**WHAT NEEDS TO BE DONE:**
Directions for the data below: repeat exactly the lines from the one with "Organic Chokeberry Juice Bottle" through the one with "the album cover", both included, and omit all pictures.

**DATA SUPPLIED:**
↓↓↓
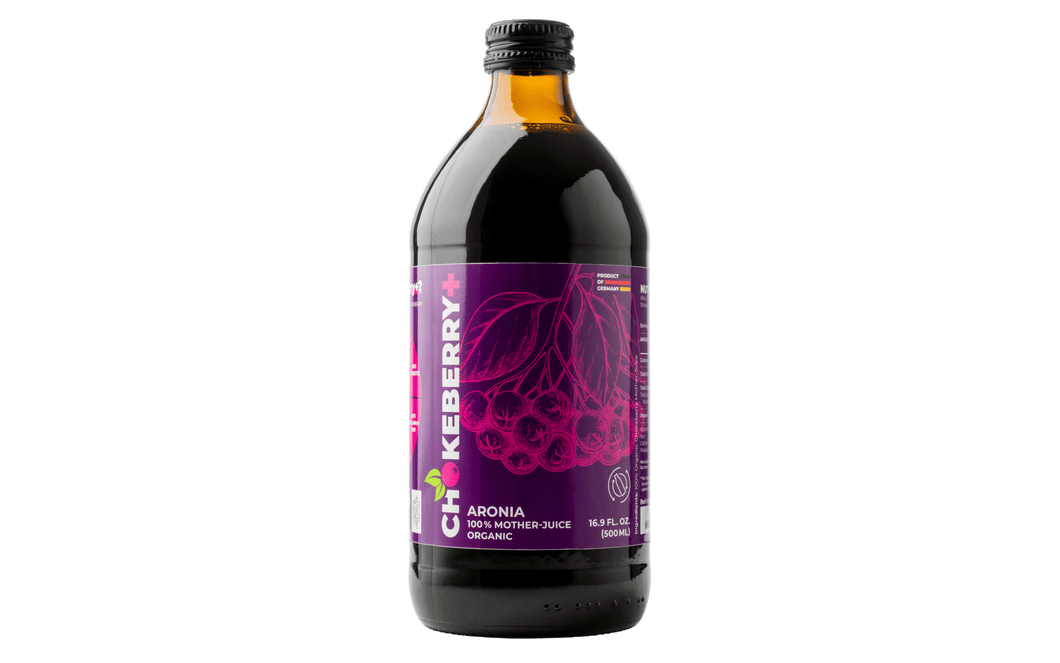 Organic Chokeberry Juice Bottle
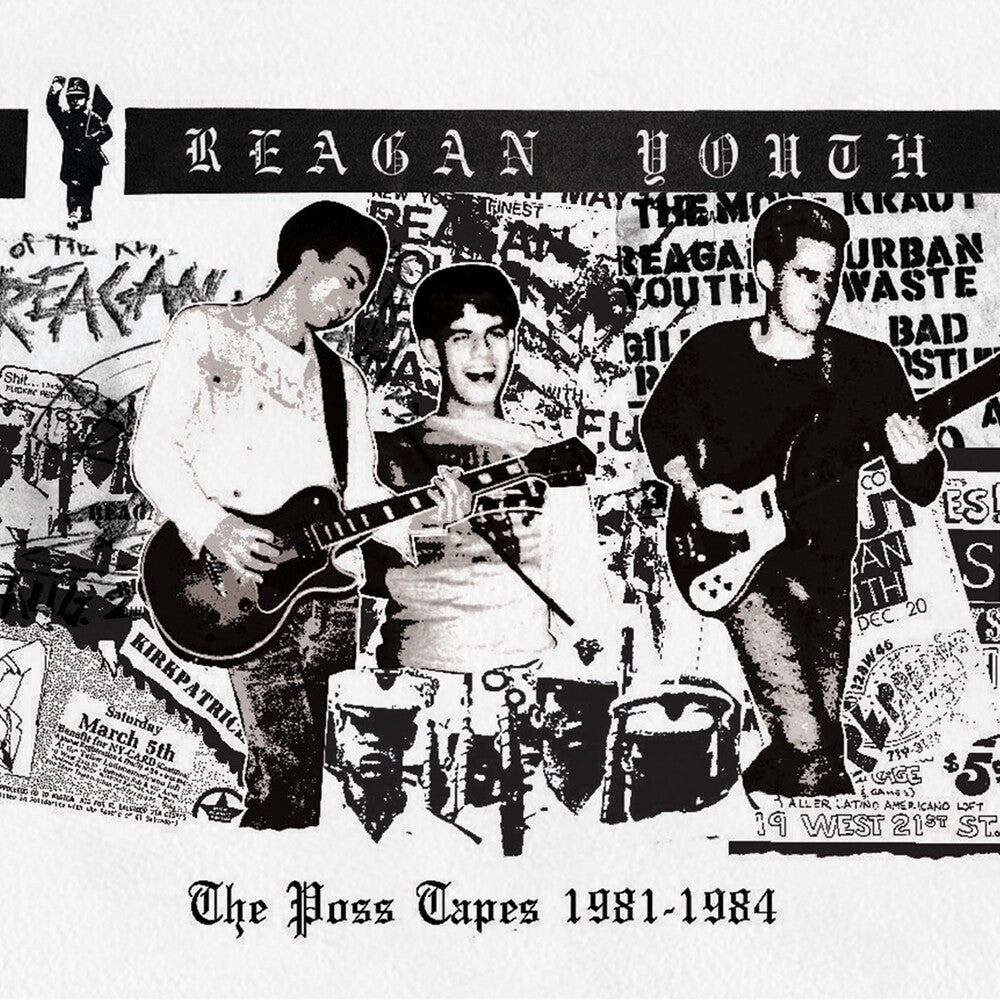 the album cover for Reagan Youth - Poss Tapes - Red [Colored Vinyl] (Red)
↑↑↑
↓↓↓
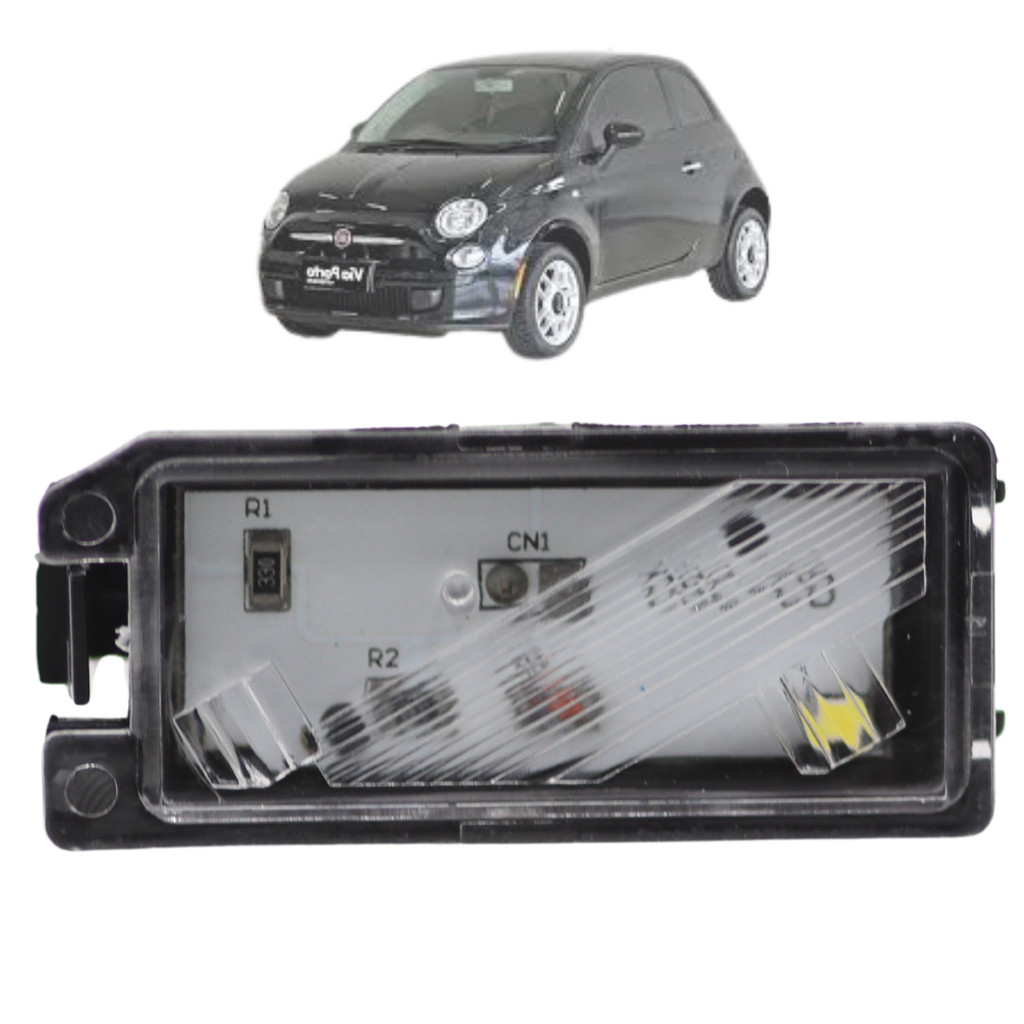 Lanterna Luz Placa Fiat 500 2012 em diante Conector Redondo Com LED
↑↑↑
**RESULT:**
 Organic Chokeberry Juice Bottle
 the album cover for Reagan Youth - Poss Tapes - Red [Colored Vinyl] (Red)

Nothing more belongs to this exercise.